I have the following complex number:
$G = \xi + i\eta$
$\xi = 1-\sigma(1-\cos\phi_m)$
$\eta = -\sigma\sin\phi_m$
how can I find the locus of this complex number? I am told without proof that it is a circle of radius $\sigma$ and centre $1-\sigma$ but cannot even begin to think where this came from.

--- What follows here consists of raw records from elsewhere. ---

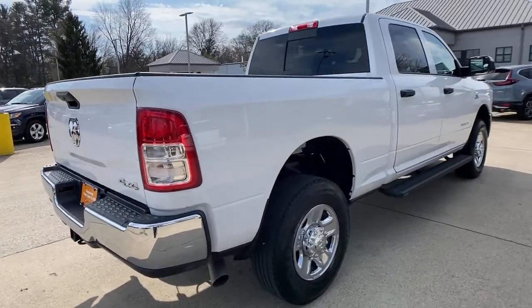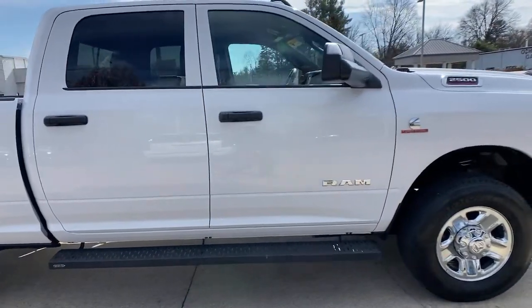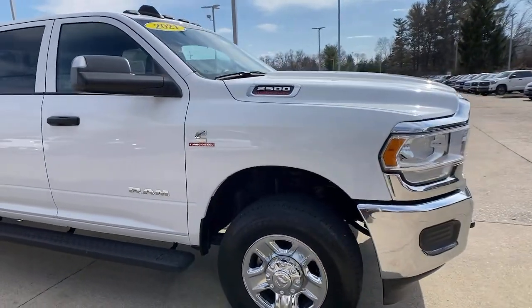Take the big jobs in stride in the Ram 2500. Its blend of heavy-duty capability, passenger comfort, and connected technology will see you through.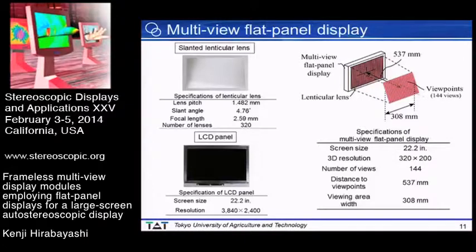I'll explain the design of the prototype module we constructed. The lenticular lens was designed and attached to the LCD panel to construct the multi-view flat panel display. The lens pitch was 1.482 mm, the slant angle was 4.76 degrees, the focal length was 2.59 mm, and the number of lenses was 320. We used an LCD panel with a screen size of 22.2 inches and a resolution of 3840 by 2400. The constructed multi-view display had a 3D resolution of 320 by 200, 144 viewpoints, a distance to viewpoints of 537 mm, and a viewing area width of 308 mm.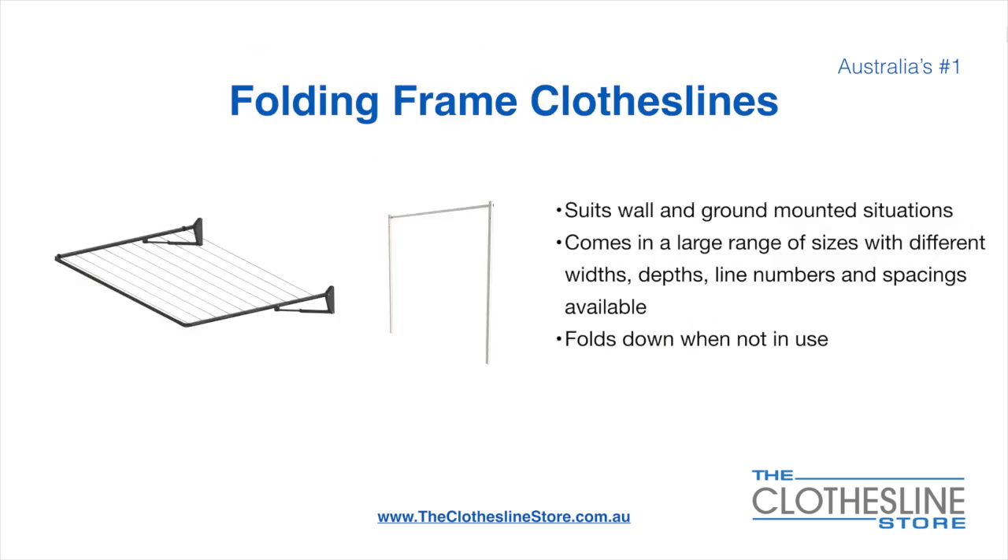The folding frame clothesline suits wall and ground-mounted situations. They come in a large range of sizes with different widths, depths, line numbers, line spacings, and colours available. They also fold down when not in use, which is a very unique feature for this product.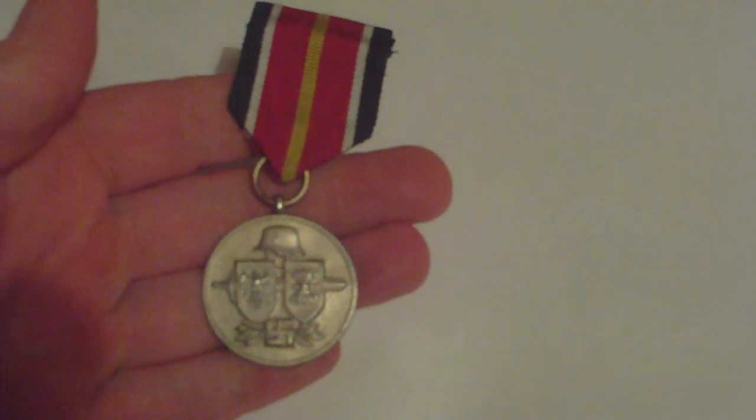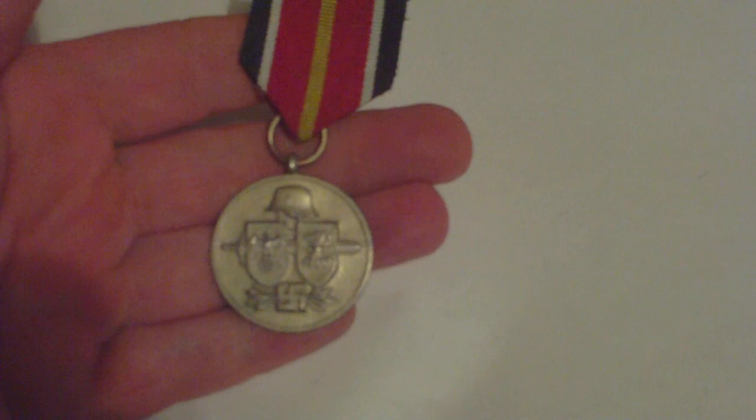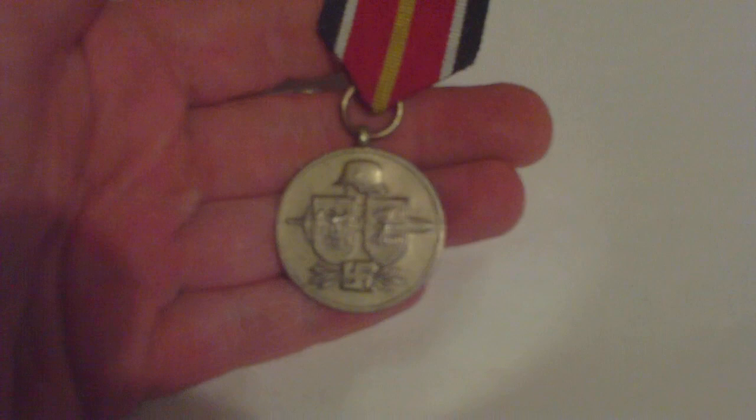This is the German-made award for the Spanish volunteers of the Spanish Blue Division who served alongside the Germans on the Russian front. This is the German award because there's also a Spanish award for the Spanish Blue Division. The Spanish award takes the form of a Spanish eagle with a German iron cross on its chest, but this version of the medal is the one made by the Germans for award to the Spaniards.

Any help would be appreciated.
On
Think of $<\xi,\eta>$ as a vector in $\mathcal{R}^2$. We can write it as:
$ \begin{align} \left<\xi,\eta\right> &= \left<1-\sigma+\sigma\cos\phi_m,-\sigma\sin\phi_m\right> \\ &= \left<1-\sigma,0\right> + \sigma\left<\cos\phi_m,-\sin\phi_m\right> \end{align} $
The part that doesn't depend on $\phi_m$ gives us a center of $\left<1-\sigma,0\right>$, which corresponds to the real number $1-\sigma$. The part with the sine and cosine of $\phi_m$, gives us a circle traced out in a clockwise direction, with a radius of $\sigma$.
$$\begin{align} G & = 1-\sigma + \sigma \cos\phi_m -i\sigma \sin \phi_m\\ & = 1-\sigma + \sigma(\cos\phi_m - i \sin\phi_m)\\ & = 1-\sigma + \sigma e^{-i\phi_m} \end{align}$$
And this is the equation of a circle wih radius $\sigma$ and center $1-\sigma$.